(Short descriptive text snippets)
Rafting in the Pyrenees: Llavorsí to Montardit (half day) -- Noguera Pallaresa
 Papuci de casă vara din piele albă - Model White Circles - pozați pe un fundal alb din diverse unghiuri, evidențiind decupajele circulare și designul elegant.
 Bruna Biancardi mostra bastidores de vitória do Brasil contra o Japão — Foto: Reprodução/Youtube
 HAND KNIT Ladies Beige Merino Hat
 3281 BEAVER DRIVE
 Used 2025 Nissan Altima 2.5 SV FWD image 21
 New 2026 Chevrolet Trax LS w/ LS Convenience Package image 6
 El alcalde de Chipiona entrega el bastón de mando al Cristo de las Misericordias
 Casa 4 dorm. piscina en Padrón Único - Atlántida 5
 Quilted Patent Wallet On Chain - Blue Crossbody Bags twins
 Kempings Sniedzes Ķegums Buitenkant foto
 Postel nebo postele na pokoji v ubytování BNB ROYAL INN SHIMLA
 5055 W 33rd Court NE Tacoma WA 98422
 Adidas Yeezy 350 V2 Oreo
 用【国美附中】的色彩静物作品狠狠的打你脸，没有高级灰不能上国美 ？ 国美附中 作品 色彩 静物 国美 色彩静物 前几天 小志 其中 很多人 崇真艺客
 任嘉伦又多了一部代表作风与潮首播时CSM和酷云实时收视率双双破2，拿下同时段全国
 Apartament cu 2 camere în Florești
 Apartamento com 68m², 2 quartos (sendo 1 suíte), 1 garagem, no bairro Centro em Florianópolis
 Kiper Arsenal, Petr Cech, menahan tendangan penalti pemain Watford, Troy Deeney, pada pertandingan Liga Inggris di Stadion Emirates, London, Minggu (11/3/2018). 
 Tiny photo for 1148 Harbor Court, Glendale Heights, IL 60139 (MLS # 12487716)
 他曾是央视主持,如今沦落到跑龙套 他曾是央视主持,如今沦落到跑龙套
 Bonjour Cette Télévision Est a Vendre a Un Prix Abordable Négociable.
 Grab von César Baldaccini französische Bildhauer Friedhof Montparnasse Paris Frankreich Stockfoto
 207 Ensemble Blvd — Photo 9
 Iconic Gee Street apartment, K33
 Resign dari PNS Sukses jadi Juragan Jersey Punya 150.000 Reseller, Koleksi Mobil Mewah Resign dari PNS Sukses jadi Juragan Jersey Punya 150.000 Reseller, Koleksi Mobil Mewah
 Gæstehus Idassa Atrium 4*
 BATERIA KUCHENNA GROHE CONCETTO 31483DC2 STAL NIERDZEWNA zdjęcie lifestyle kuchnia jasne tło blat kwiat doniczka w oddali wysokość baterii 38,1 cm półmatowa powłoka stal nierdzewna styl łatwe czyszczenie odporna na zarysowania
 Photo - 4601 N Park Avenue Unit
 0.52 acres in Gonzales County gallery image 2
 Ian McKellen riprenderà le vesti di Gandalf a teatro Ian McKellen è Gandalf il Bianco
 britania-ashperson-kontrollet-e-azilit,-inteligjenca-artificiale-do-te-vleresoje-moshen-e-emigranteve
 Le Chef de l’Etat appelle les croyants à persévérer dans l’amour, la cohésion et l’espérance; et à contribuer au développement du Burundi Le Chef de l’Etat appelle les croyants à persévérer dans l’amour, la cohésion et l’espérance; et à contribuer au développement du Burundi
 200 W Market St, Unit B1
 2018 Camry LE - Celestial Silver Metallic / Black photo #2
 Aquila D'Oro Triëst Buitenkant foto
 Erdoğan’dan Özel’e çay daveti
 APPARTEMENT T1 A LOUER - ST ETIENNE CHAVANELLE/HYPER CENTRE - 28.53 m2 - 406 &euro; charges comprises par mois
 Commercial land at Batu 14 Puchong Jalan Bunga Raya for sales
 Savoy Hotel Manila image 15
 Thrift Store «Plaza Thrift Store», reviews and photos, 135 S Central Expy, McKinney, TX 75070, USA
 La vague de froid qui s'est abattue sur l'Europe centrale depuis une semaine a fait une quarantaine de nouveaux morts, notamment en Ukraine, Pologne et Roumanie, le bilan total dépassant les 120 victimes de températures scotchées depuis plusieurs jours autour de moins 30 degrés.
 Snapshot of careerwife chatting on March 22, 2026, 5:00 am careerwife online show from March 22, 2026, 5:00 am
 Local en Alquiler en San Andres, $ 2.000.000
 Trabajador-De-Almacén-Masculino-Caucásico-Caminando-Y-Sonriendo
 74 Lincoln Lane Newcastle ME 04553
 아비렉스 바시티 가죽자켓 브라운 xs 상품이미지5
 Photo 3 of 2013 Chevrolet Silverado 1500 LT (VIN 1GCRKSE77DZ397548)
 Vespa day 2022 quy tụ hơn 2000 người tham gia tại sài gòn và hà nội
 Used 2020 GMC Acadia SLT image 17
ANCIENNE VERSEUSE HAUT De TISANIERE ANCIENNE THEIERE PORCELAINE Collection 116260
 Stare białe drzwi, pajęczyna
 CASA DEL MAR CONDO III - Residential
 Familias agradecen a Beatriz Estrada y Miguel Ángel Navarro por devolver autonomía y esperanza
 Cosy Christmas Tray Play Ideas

## Exercise instructions:
Take the lines above from the one containing "74 Lincoln Lane Newcastle ME 04553" to the one containing "Used 2020 GMC Acadia SLT image 17" and retype them exactly, both ends included, with nothing added.

## Solution to the exercise:
 74 Lincoln Lane Newcastle ME 04553
 아비렉스 바시티 가죽자켓 브라운 xs 상품이미지5
 Photo 3 of 2013 Chevrolet Silverado 1500 LT (VIN 1GCRKSE77DZ397548)
 Vespa day 2022 quy tụ hơn 2000 người tham gia tại sài gòn và hà nội
 Used 2020 GMC Acadia SLT image 17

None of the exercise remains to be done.